There are nearly 10,000 fewer people living in the northwestern municipality of Novi Grad than before the 1992-1995 war, and the possibility that neighbouring Croatia might begin dumping nuclear waste at the border near the area is making residents leave in even larger numbers.
Croatia has not yet definitely decided whether it will dump its radioactive waste near the border with Bosnia, but Bosnian officials are worried and Croatia is not responding to any of their complaints about the plan.
Bosnia requested in March that Croatia refrains from using the Trgovska Gora area, just across the border to Novi Grad, to store the radioactive waste and that it finds some other location for it.
“The (nearby) Una river is the lifeline of the town. I am here for 65 years already. I learned how to swim under a bridge here. Una was always our life, our everything,” one of the locals from Novi Grad, Zoran Umicevic, told N1 on Thursday.
“Una was always God-given, but it seems that God did not look when he gave it to us, as we don’t use it nearly the way we should,” he said.
Umicevic said that some have already left the town because of the announcements that nuclear waste could end up close by.
The issue is not the only reason for people leaving Novi Grad, as Bosnians are leaving the country in masses to look for a better life elsewhere.
“A lot of youth has left,” Umicevic said, adding that his entire family also did.

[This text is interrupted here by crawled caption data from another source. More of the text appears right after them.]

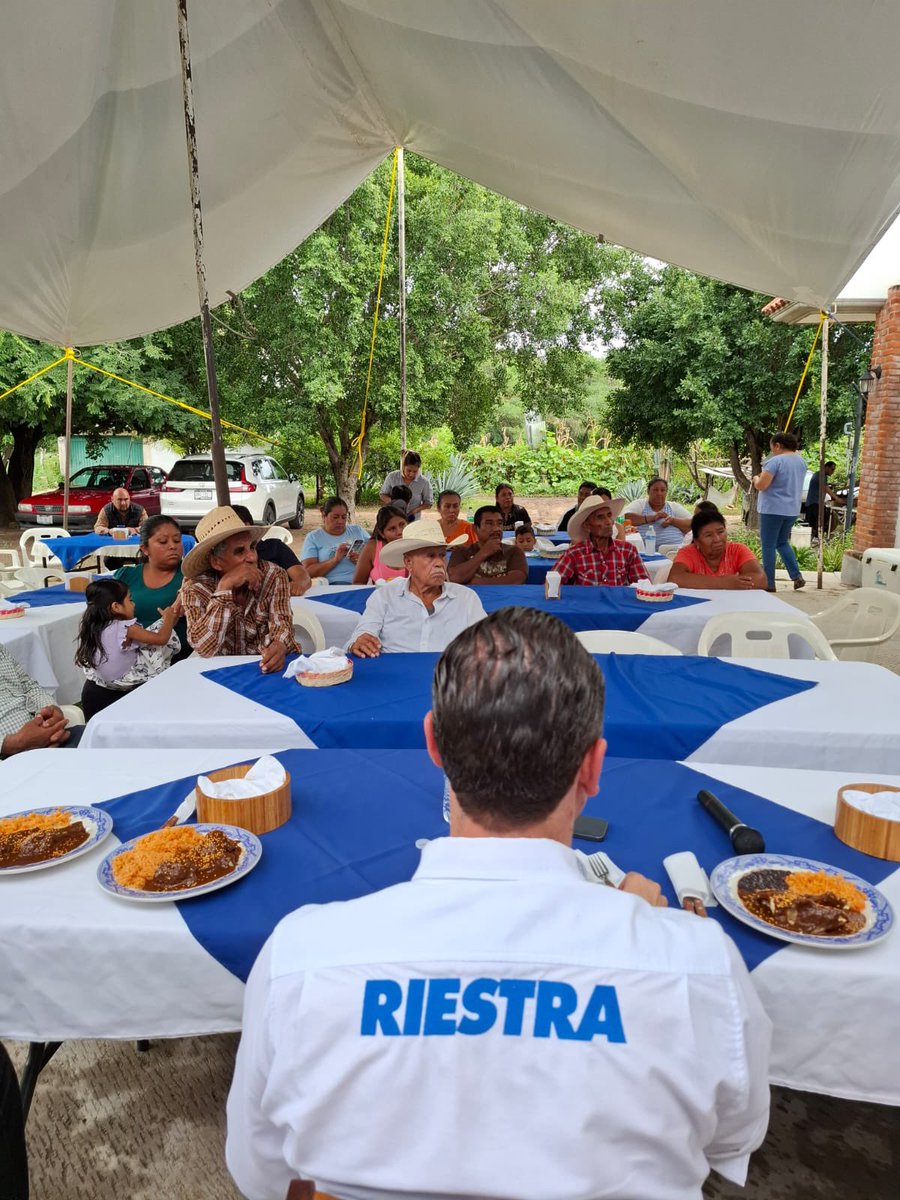 marioriestra's tweet photo. Visitando a mis amigos panistas de Chiautla de Tapia para acompañarlos en la conmemoración del 30 aniversario de la fundación del partido en el municipio. https://t.co/Wsq7ACnVbW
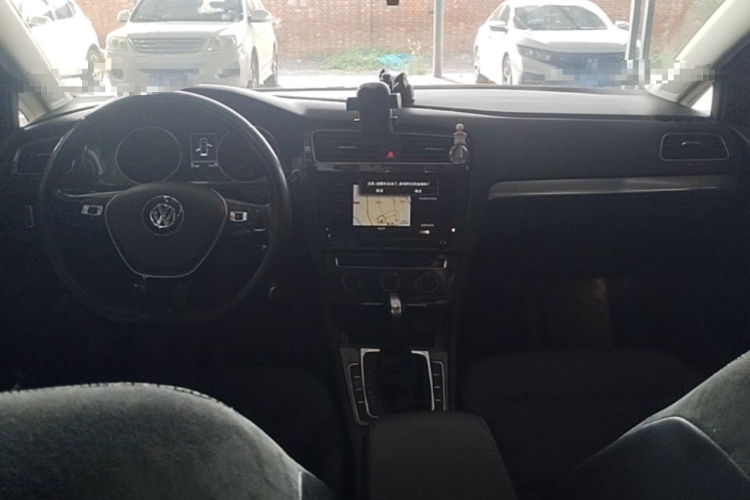 Volkswagen Golf 2020 car image #11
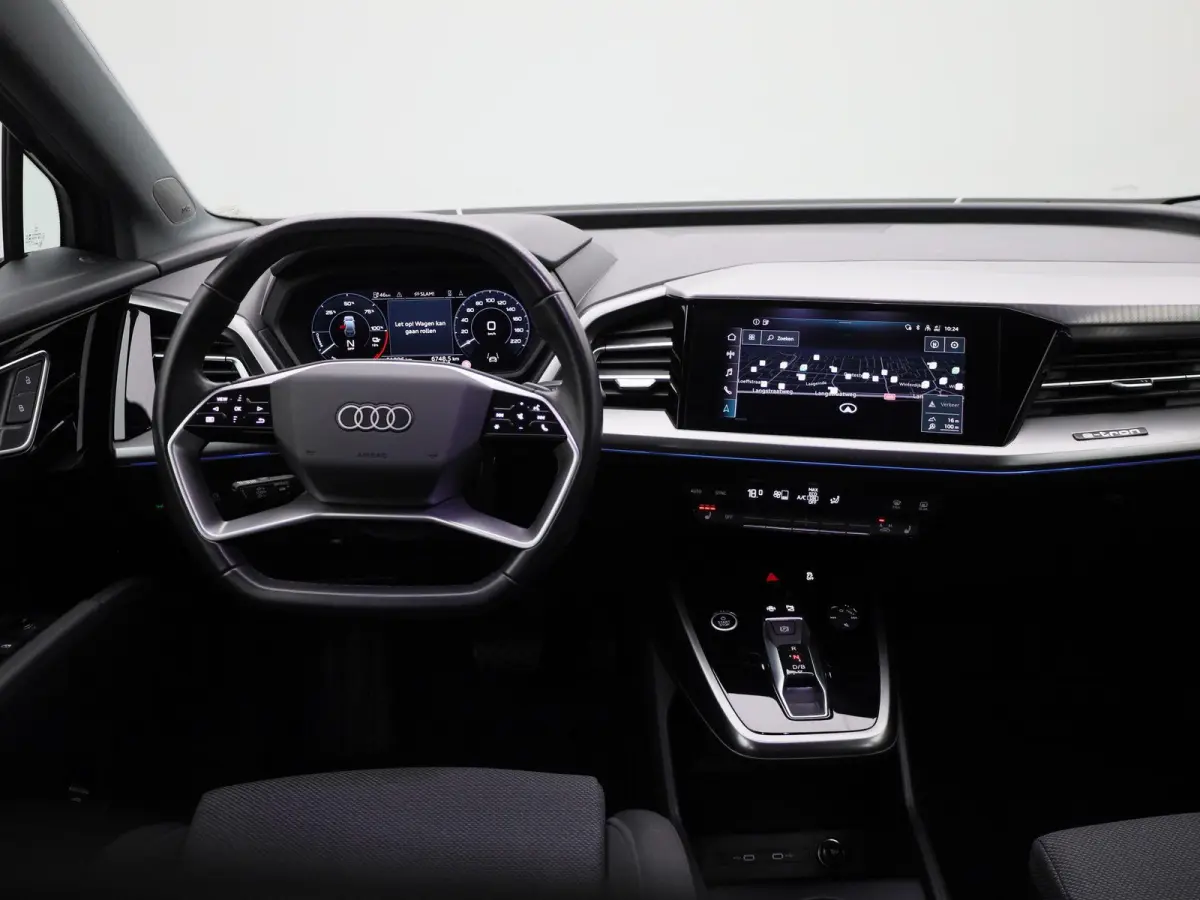 35 S edition 55 kWh 170 PK | S-line | Automaat | Navigatie | Camera | Stoelverwarming | SONOS Sound | Elektrische stoelen | LED | Lichtmetalen velgen |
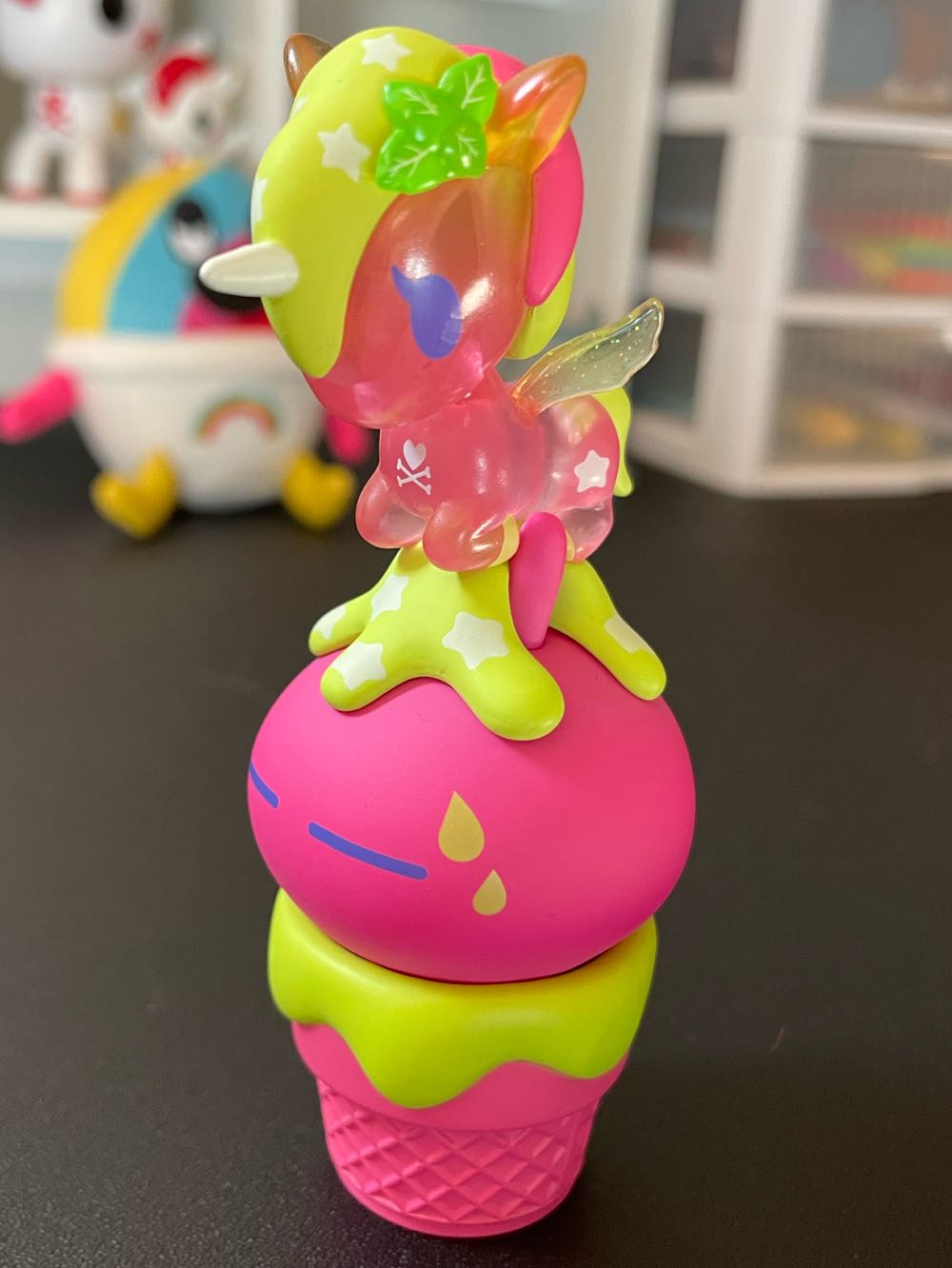 143 Stewardess with White Bag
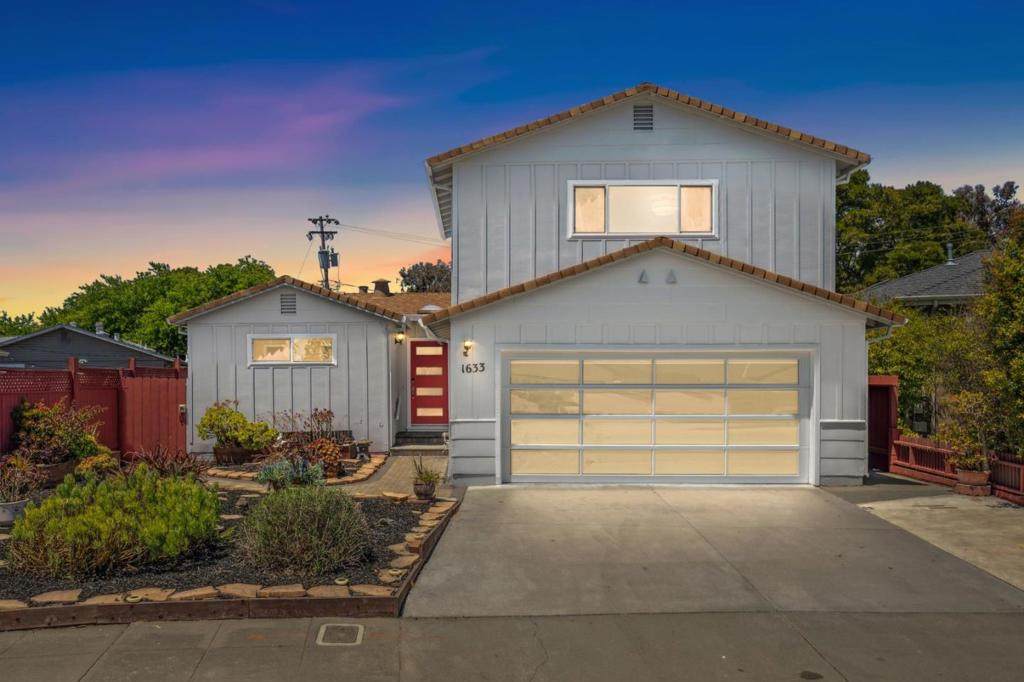 1633 Ark Street - Photo 1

“I only have one little granddaughter left here, because she is going to school, but she will also probably leave if the dump ends up here,” he said, adding that he does not want to risk his six-year-old granddaughter living “near such poisonous nuclear waste.”
Most of the locals share this opinion. According to Croatia, however, such fears are blown out of proportion.
About 300,000 people live along the Una river.